The aftermath of the race is where the true story lies though. It was brutally hot and was a good athlete - drank a recovery drink, electrolytes, ate a pre-made sandwich and even a smoothie I had frozen and put in the cooler. However, the days efforts took their toll on me as I waited in the feed zone as Brian slogged his 80 miles and 9k feet of climbing to the finish. I got a cracking head ache that forced us to stop on the drive home. I just kept thinking if we make it home, everything will be fine. But as we got closer, I felt worse and worse. Brian started talking about Mexican food and I made him put a cork in it for fear I would uncork my belly 3 miles from home. Once we turned onto our street, and home was almost there, he drove slower....but you know when you really have to pee and your OK, until you SEE a port-o-potty...then you HAVE to go?! That's just what happened. We got in the driveway, door open and puke all over the door, and driveway. Brian is champ because I puked so much my nose started to bleed a ton. He got the hose and cleaned the driveway so Moto would eat it (dogs are disgusting) and let me sit on the driveway and heave it out. Oddly, we couldn't stop laughing about it and he was gracious enough to grab me some crackers and 7UP to ease the pain. Every day, making the memories our fun life is made of!
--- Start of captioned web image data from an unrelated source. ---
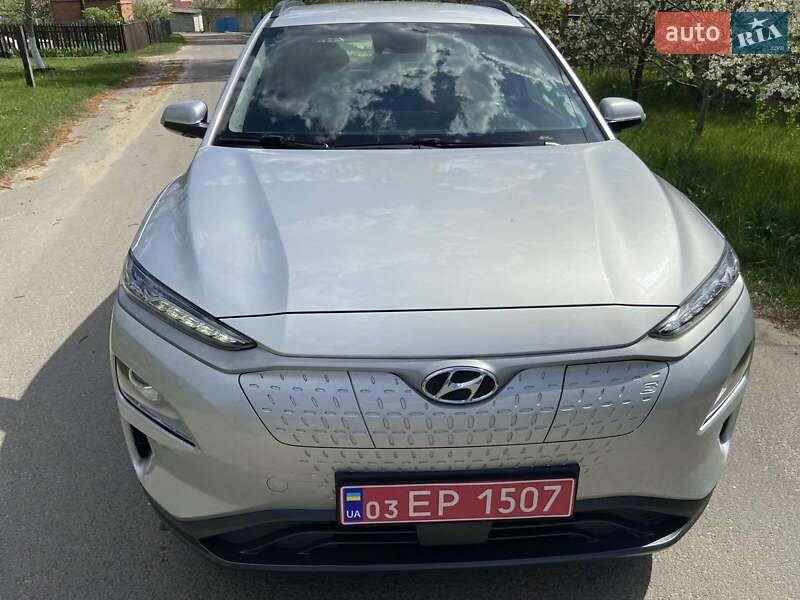 Внедорожник / Кроссовер Hyundai Kona 2020 в Ковеле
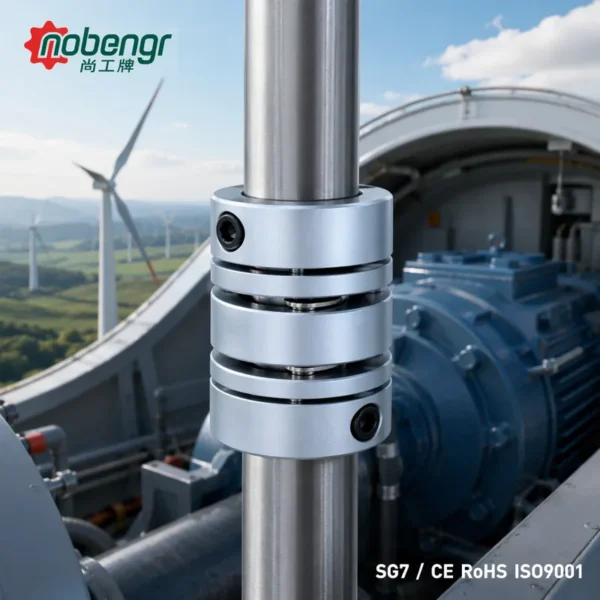 Misalignment for Stepper Motor, SS304, CNC - view 4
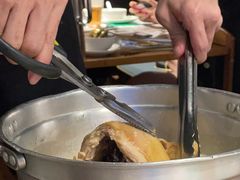 -禄婶鸡煲·打边炉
To cap our weekend adventures off, we created ground hogs day, loaded the car and headed to another bike race on Sunday. The barometer raised another 10 degrees and we were greeted with a pretty cool course at Chuck Pontius. I will spare you the details, but another 4th was to be had on the day for me. Several hours later, Brian lured me into the men's 1/2/3 crit of 75 minutes. It doesn't even take candy or anything cool to get me to race another event, total push-over. I was his only teammate for the day, and I am sure our discussions made quite a few of the guys racing laugh at least a little bit. Who brings their wife to a race, puts her in the race, then tells her to go to the front and do work? Brian does of course. He got in the early break which eventually lapped the field, as I sat tucked into the top 20 ticking the minutes off one by one. At the 50 minute mark, the length of the women's race earlier in the day, I was pretty knackered. Then I hear him coming. You can hear it a mile away and I knew exactly what he was going to say. Come on Joy! To the front, we have work to do! I told him I was spent, and he told me we didn't have time to discuss this matter, on his wheel! Yes Dear...He had rallied his friends and breakaway-mates to the front to keep things steady and under control for the remaining 25 minutes. I was already 2 bottles in and all I could do was hold him near the front. A big surge came and he cracked the whip, "Go Joy Go!!" And what else to do but bridge the gap, pull the pin on the grenade and fade to the back of the pack. I "sat" there until 2 laps to go and saw his little blue body make a violent attack off the front and my blue body let go of the grenade and I blew out the back. At least I got a 2 lap solo cool down to finish the race. :-)
Then, we ate like 7 dishes from the Thai place down the street. These are the stories that keep racing fun and enticing. We surely don't win often and we don't ever quit. But sometimes we get pretty darn tired. Now lets hope I can just be a better blogger and do this a bit more frequently.